Dr Ritwik Kejriwal — Orthopaedic Surgeon · BHB MBChB FRACS PGDipSportsMed ACL

Download the ACL Guide (PDF)

A SURGEON’S PERSPECTIVE

A few things you should know up front:

  • Not every ACL tear needs surgery.

  • The graft choice matters. It should be tailored to your knee, your sport, and your goals.

  • Rehab is half the operation. The best surgery in the world fails without good physio and good rehab.

Stage 1 — I think I’ve torn my ACL. What now?

ACL injuries usually happen during a pivot, a sudden change of direction, or a bad landing. You often hear or feel a “pop”, the knee swells within hours, and it feels unstable or like it wants to give way.

What to do in the first 48 hours:

  • Ice, elevate, and rest. Use a brace or strapping if you have one.
  • See your GP or a physiotherapist within a few days.
  • Get an MRI organised — your GP or physio should be able to facilitate this under the current ACC pathways.

You should be referred to a knee specialist if any of these are true:

  • The MRI confirms an ACL tear.
  • Your knee continues to give way during normal activities.
  • You play a pivoting or contact sport and want to return to it.
  • You have an associated meniscus tear or other ligament injury.

Already have an MRI? Send it to us before your appointment — we’ll have it reviewed and ready. contact@sportsortho.co.nz

Stage 2 — Diagnosis and imaging

A torn ACL is diagnosed by combining three things:

  • Your story. How it happened, what you felt, how the knee has behaved since.
  • Examination. Our team will check stability with specific tests (Lachman, anterior drawer, pivot shift).
  • MRI scan. Confirms the diagnosis, shows the tear pattern, and reveals any associated injuries — meniscus tears, cartilage damage, bone bruising, or other ligaments.

Why the tear pattern matters. Not all ACL tears are the same. Where the ligament has torn — at the femur, in the middle, or at the tibia — changes what we can do. In some cases, a repair of your own ACL is possible rather than a reconstruction (more on that in Stage 4).

Associated injuries. Roughly half of ACL tears come with a meniscus injury. Around 1 in 10 involves another ligament. These change the urgency of surgery and sometimes the approach.

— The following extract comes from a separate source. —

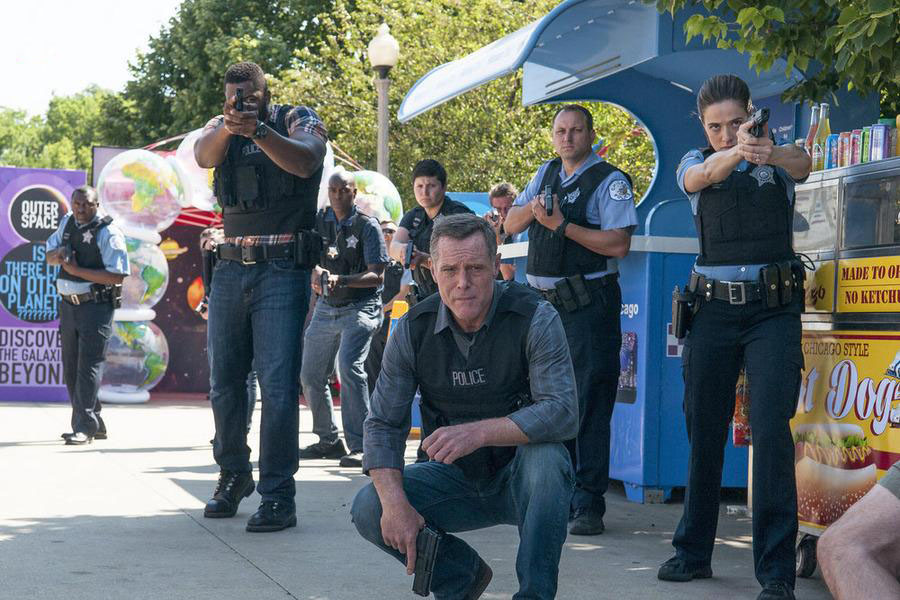 Chicago Police Department : Photo Marina Squerciati, Jason Beghe, LaRoyce Hawkins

Our team will discuss your MRI findings in detail at your consultation.

Stage 3 — Do I actually need surgery?

This is often the most important discussion we have in clinic. An ACL tear does not automatically mean you need surgery. Many patients can function well with appropriate rehabilitation, while others remain at high risk of further instability.

The aim of our consultation is to assess your individual risk of recurrent knee instability (“giving way”) based on factors such as your sporting demands, occupation, associated injuries, knee laxity, and goals for the future.

Each instability episode can cause additional and irreversible damage to the cartilage and meniscus within the knee. The primary role of ACL surgery is therefore not simply to reconstruct the ligament, but to restore stability and help protect the knee from further damage over time.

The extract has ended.